Beyond the headline emissions target, Xi also announced sectoral 2035 pledges.
These include to raise the share of non-fossil fuels to 30% of primary energy consumption, Increase solar and wind capacity to over six times the 2020 level (around 3,200 GW), and strive to achieve over 3,600 GW, make new energy vehicles (NEVs) the “mainstream” in new car sales, expand the national emissions trading scheme (ETS) to major high-emitting industries, and “basically” establish a climate-adapted society.
- In a country where energy consumption accounts for over 90% of total emissions, these energy pledges carry particular significance. Yet the promise to lift non-fossil energy to 30% by 2035 is timid given the country’s rapid clean energy transition. By 2024, non-fossil sources had already reached 19.8%, well on track to surpass the official 2025 goal of 20% and the 2030 goal of 25%
- Continued rollout of renewable technologies, energy storage, virtual power plants, distributed resources, and improved grid integration should accelerate the renewables intake, leaving a higher target within reach. A brighter spot came in the updated 3,600 GW wind and solar capacity goal, tripling its previous 1,200 GW by 2030 target that China already surpassed last year. Continued bullish policy signals on renewables in the future could help inject more confidence into its beleaguered cleantech manufacturing sector and help absorb overcapacity.
- Many of the new pledges remain vague if not weak. China’s vow to make NEVs the “mainstream” in new car sales offered no binding percentage cap on internal combustion engine vehicles (ICEVs)— despite NEVs already making a substantial 40.9% share in new sales in 2024.
- Likewise, the promise to expand the national ETS without a concrete timeline or pledge to cover all eight planned sectors, risks undermining the credibility of a system whose expansion has been long overdue.

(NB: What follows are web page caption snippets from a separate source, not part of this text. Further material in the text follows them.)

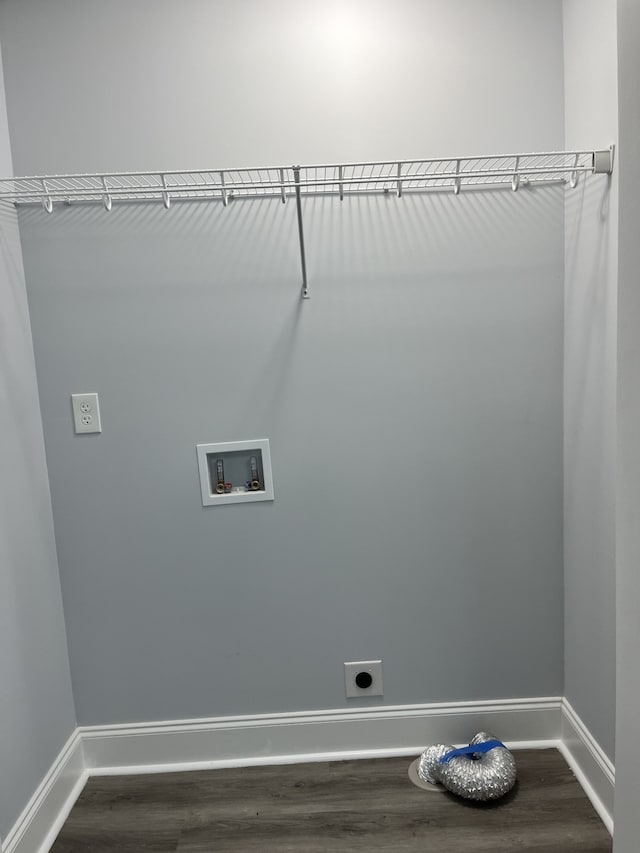 washroom featuring electric dryer hookup, washer hookup, and dark hardwood / wood-style flooring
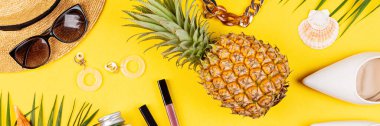 Kadın moda kıyafeti ile yaz kompozisyonu. Taze ananas, şapka, tropikal palmiye yaprakları, hasır şapka, bambu çanta, sarı arka planda ayakkabılar. Düz konum, üst görünüm, genel görünüm, model, şablon, boşluk kopyala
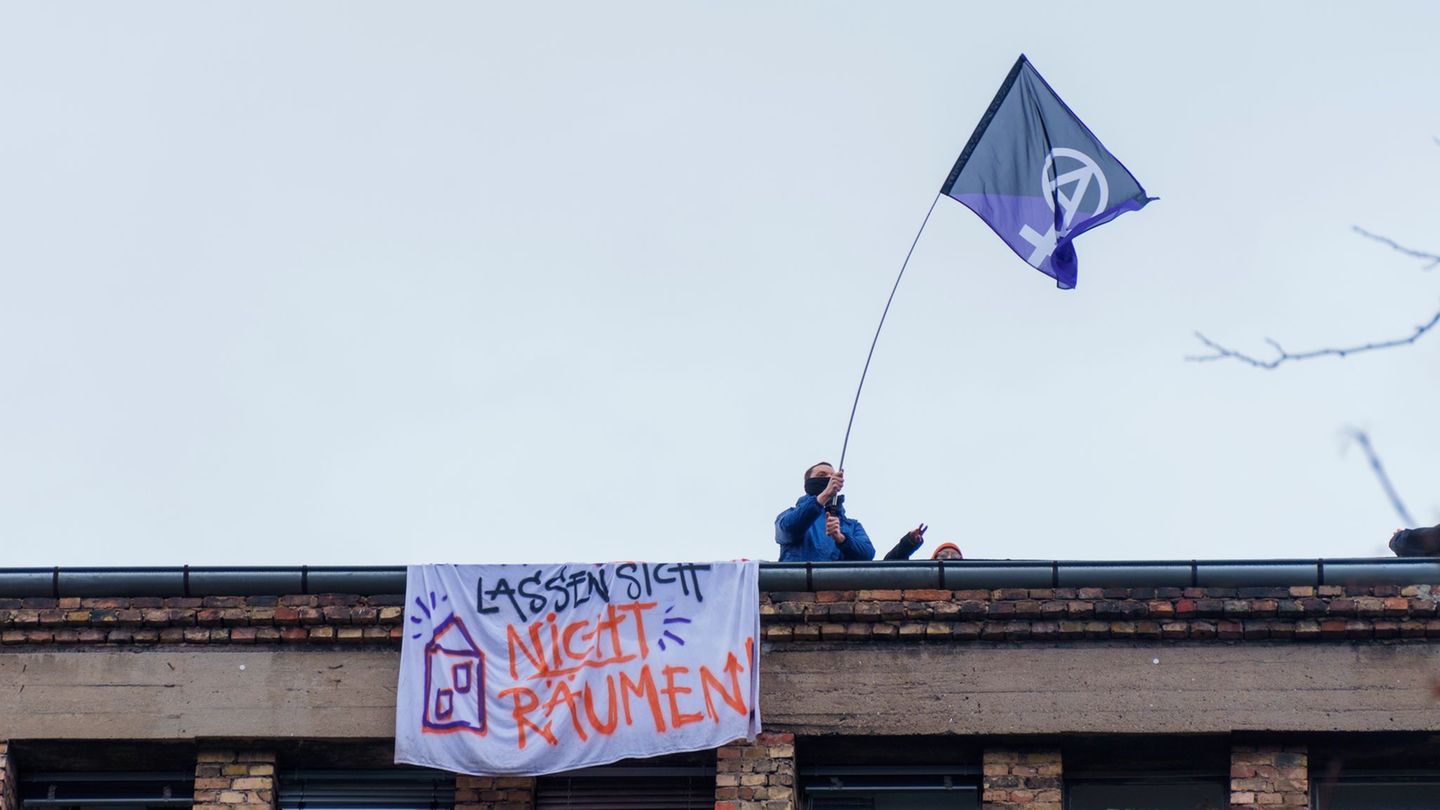 Ein Aktivist steht mit einer Fahne auf dem Dach der Dondorf-Druckerei mit einem Banner „Lassen sich nicht Räumen“. (Archivbild)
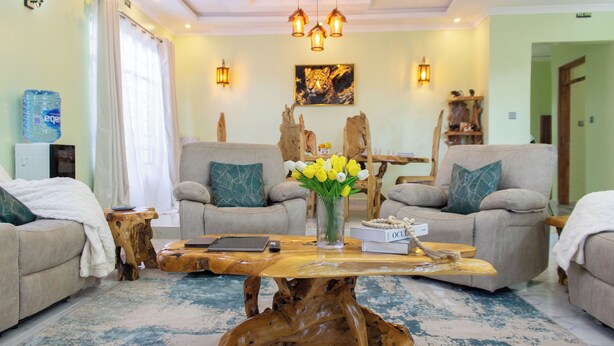 A living room with two sofas, a coffee table, and a painting on the wall.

These details should be specified in future policies.
Equally striking are the omissions.
- The NDC does not specify a peak year or cap for emissions, potentially granting local authorities a free pass to increase emissions until 2030, a trend already evident.
- Nor does the NDC revisit earlier commitments on carbon and energy intensity, coal consumption, or limits on new coal-fired power plants—some of China’s most important pledges where progress has been faltering.
- As a result, the NDC continues to issue a lenient pass to energy-intensive industries that rely on coal-fired power and other high-emitting industries.
- As the country continues its quest for power-hungry technology industries, it risks incentivising and locking in could-be-built coal-fired power infrastructure that could put upward pressure on the emissions curve.
This NDC should only serve as a bottom line for China to deliver its climate action urgently needed.
As China pledged to “strive to do more,” there are opportunities for China to make much more ambitious and concrete sectoral targets in its upcoming Five-year Plan in 2026 to steer its energy transition, support domestic cleantech development, and set an urgent pre-peaking emission control plan to position it on the right path for carbon neutrality.
Future pledges should help China lead its energy transition and shoulder its international responsibilities, instead of holding it up from full potential.